How This Sponsor Page Is Built
Every count on this page is derived directly from ClinicalTrials.gov API v2 records. Trial counts include all trials currently registered to this sponsor; the recruiting count reflects trials with status "Recruiting" or equivalent. Plain-English eligibility translations on each linked trial page preserve the original clinical text alongside an accessible version. Read the full methodology for the data pipeline and limitations.
Source: ClinicalTrials.gov API v2, maintained by the National Library of Medicine at NIH. Public domain. Cite as: "TrialFinderData. Data: ClinicalTrials.gov."
Medical disclaimer: This page is informational, not medical advice. Talk to your doctor about whether a clinical trial is right for you.
Last updated 2026-05-08 · 17 trials tracked for Vanderbilt University Medical Center.
For this entity, the underlying data on this page comes from the NIH ClinicalTrials.gov registry. The breakdown above is the federal record; the paragraphs below add the per-entity context that makes the headline numbers usable for a real decision rather than just a data lookup.
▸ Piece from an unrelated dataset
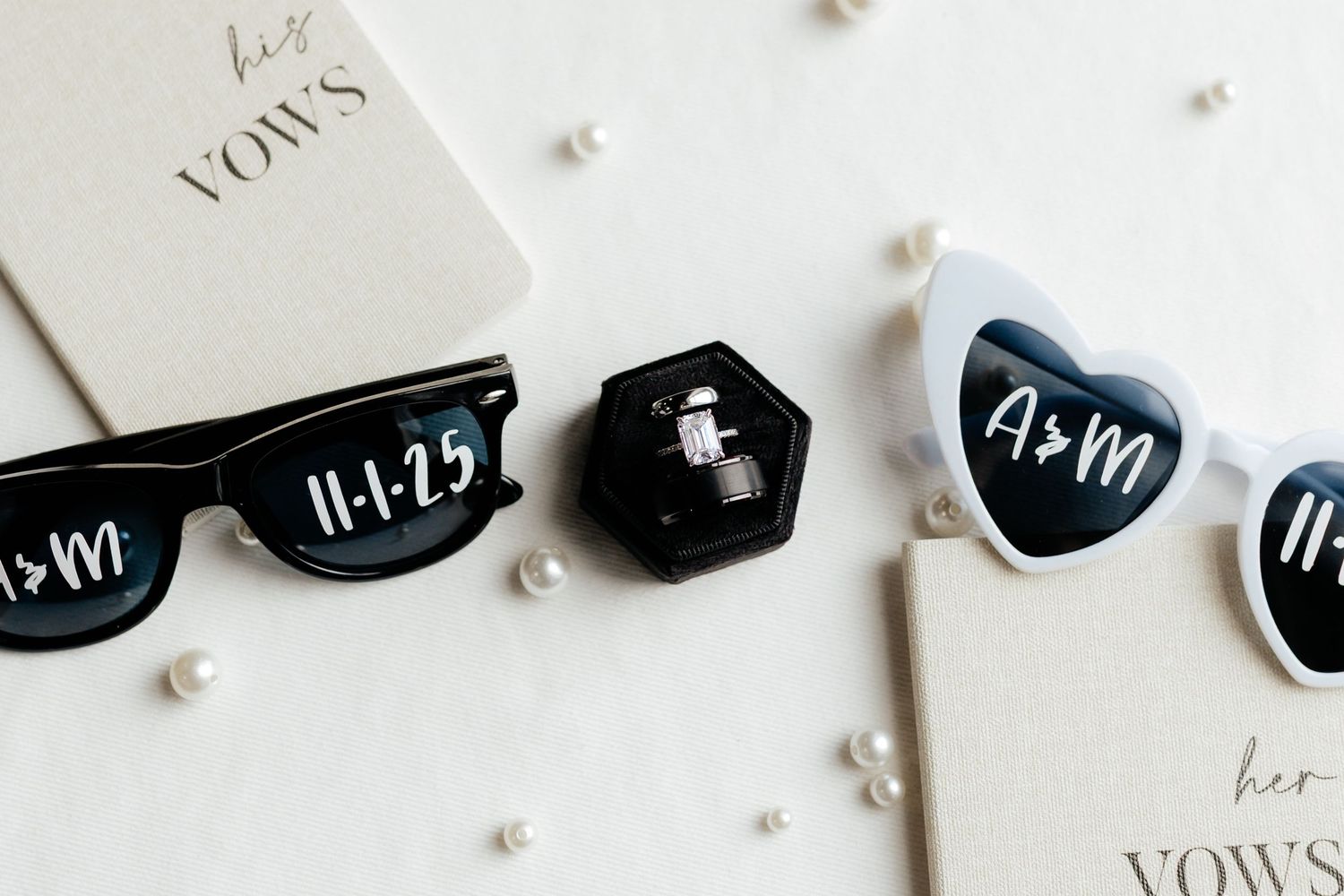 Wedding detail flat lay with custom date sunglasses, vow books, pearl accents, and engagement ring box.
The methodology behind every numeric value on this page is publicly documented on the the NIH ClinicalTrials.gov registry portal and described in detail on this site’s methodology page. Refresh cadence varies by underlying series; the page surfaces the as-of date for each number so readers can trace any figure back to the source release.
Practical use of this page is in combination with the comparison and ranking pages elsewhere on the site, which surface the same data for this entity’s peers within active and historical clinical trials. A single-entity reading without peer context can be misleading when an entity is an outlier on one axis but typical on another.